Both makers stick with uncomplicated aluminum unibody builds.
The iPad is available in three metallic color variants, while the Google Pixel C is offered only in silver.
The Pixel C display, with its 10.2-inch diagonal and 1:1.4 aspect ratio, offers about 8-percent more overall screen area than the 9.7-inch, 4:3 iPad.
The Pixel C has a higher pixel density, so it should have a sharper-looking display. In Apple's defense, however, resolution is not the only indicator of display quality.
Both tablets have stereo speakers.
The iPad has a fingerprint sensor built into the home button for easy, secure logins. The Pixel C is not equipped for any kind of biometric access.
Cellular connectivity option
The iPad is available in both Wi-Fi and Wi-Fi + LTE variants, but the Pixel C doesn't offer any built-in cellular connectivity options.
Unlike its sibling the iPad Pro, this iPad does not have any Smart Connectors for connecting to keyboard accessories, though it does support third-party Bluetooth keyboards.
On the other hand, Google makes two optional snap-on keyboard options for the Pixel C, which retail for US$149 each. The advantage of a docking keyboard?
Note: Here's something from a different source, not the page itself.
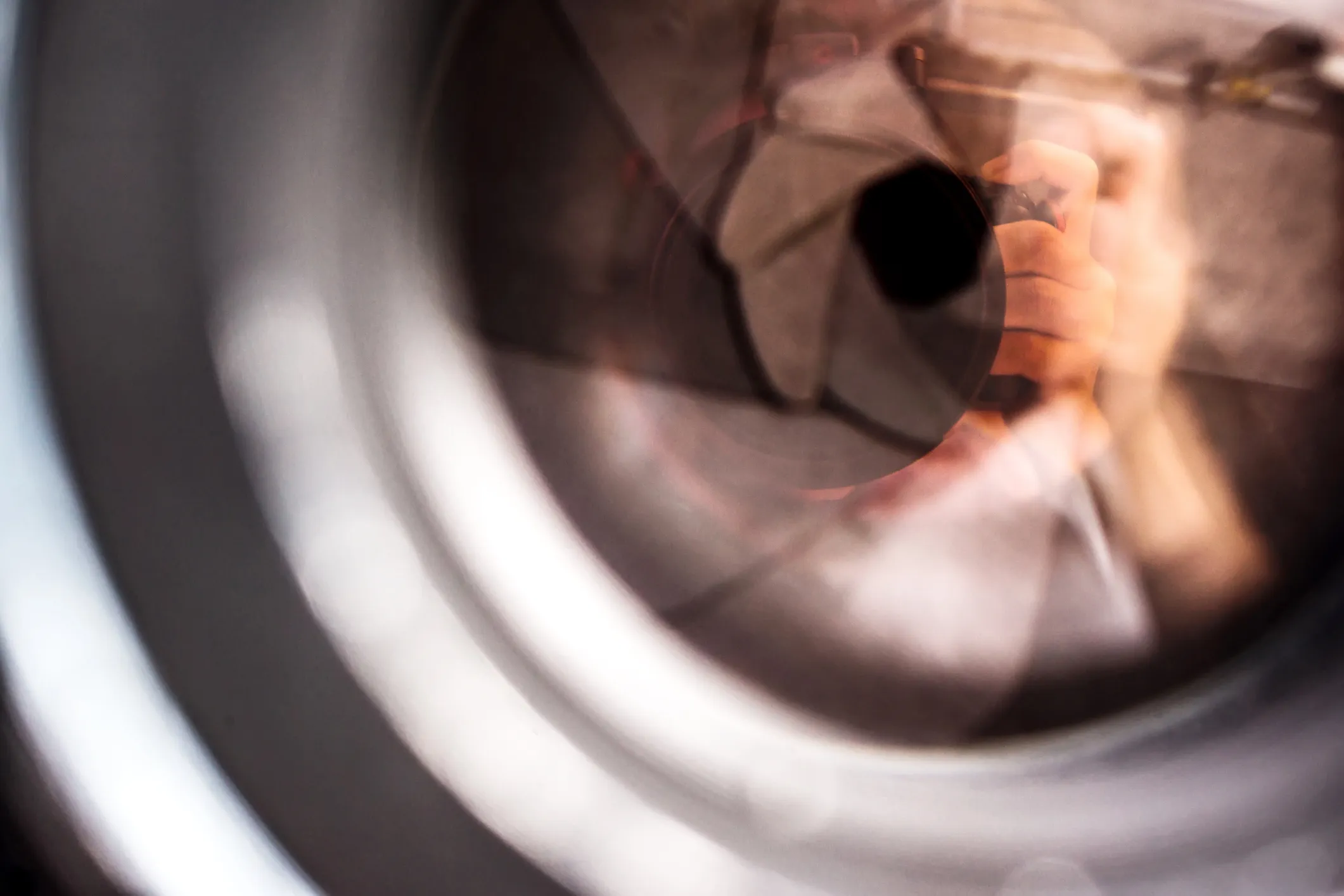 Photographer reflected through camera lens symbolizing executive visibility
It draws power from the tablet, and does not need to be charged individually.
Active stylus support
Neither of these options support active stylus input.
The iPad uses Apple's Lightning connector, while the Pixel C has a more-universal USB Type C charging port.
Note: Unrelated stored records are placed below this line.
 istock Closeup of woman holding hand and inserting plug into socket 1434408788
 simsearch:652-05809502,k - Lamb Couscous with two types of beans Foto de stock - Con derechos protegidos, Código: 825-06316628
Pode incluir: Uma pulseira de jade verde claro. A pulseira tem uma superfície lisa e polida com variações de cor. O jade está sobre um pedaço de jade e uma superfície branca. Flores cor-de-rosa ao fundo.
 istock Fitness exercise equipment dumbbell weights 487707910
We're not yet sure about the clock speeds for the A9 chip in the new iPad – we'll know better once the tablets start shipping and benchmarks become available. However, the two chips are shaping up to have very similar speeds.
The Pixel C likely has more RAM than the iPad, but to be fair, the two operating systems use RAM differently.
Apple doesn't publish the amount of RAM in its mobile devices, but chances are, this one has the same 2 GB amount as its other 9.7-inch tablets. We'll know for sure once device tear downs become available.
The new iPad is available with either 32 GB or 128 GB of built-in storage. When the Pixel C was first introduced, it came in 32 GB and 64 GB options, but these days, the 32 GB option has vanished from the Google Store and is hard to come by on the US market.
Neither tablet accommodates expandable storage via microSD.
Photography isn't usually a selling point for tablets, but regardless, these two are neck-and-neck in terms of camera resolution. The Pixel C packs in more pixels in the front-facing camera for a slight advantage in the selfie and Skype department.
Battery size and life expectancy are also on par with one another. Both makers offer an "up to 10 hours" estimate, though of course actual performance varies with how the device is being used.
Naturally, the iPad runs the latest version of Apple's mobile operating system, iOS 10. The Pixel C was released with Android Marshmallow but has since received the Android Nougat update. As a Google-branded device, it should be one of the first in line for software updates in the near future.
Both operating systems allow a certain degree of multitasking, by allowing the user to view/use more than one app at a time.
In the US, the iPad is expected to start shipping and hitting shelves at the end of this week. The Pixel C made its first appearance almost a year and a half ago.
The entry-level iPad is nearly half the price of a brand new Pixel C. Originally, the 32 GB Pixel C was being offered for $499, but since it's no longer readily available, we're referring only to the price for the 64 GB size.